Filmmaker Darren Aronofsky has most definitely become the most hunted man in movie culture this last week. His controversial “mother!” has caused a volcanic stir in the mainstream by bewildering, provoking and flat-out infuriating movie audiences nationwide (and some media to boot) with its non-conventional narrative, shocking images and frustrating loop of a story.
That’s fine, adventurous moviegoers have mostly appreciated what Aronofsky went for in the film; it’s hard for any of us to really complain about a studio movie taking the kind of risks “mother!” does even if you think it subjectively fails. Critics haven’t wholly embraced “mother!” either as evidenced by its not great, but still fresh 67% Tomatometer score, and audiences have all but shunned the film (a tepid box-office debut of $7.6 million) giving it a rare, precedented by only 19 other films in history F grade on Cinemascore.
All of this has had the film’s studio Paramount scrambling to find a way to take the negative reaction and turn it into a positive ad campaign, as can be attested by the controversial poster they released which is fueling further “mother!” ire.

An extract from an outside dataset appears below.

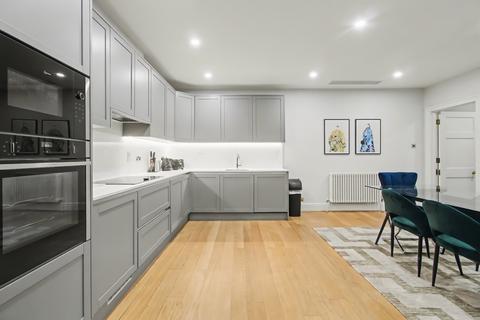 2 bedroom flat to rent, Woods Mews, Mayfair, London W1K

Even good ol’ Rex Reed — who dubbed it the “worst movie of the 21st century” in his review — is quoted in the poster. This is clear attempt by Paramount to capitalize on the media noise around the film and campaign it with a “we dare you to see it” kind of vibe, which isn’t a bad idea considering the conversational traction the film has gotten over the past week since its release. But given that it shows a physically abused Jennifer Lawrence in its attempts to provoke, the poster is being slammed as exploitive, “gross and tawdry” among many other scornful epithets.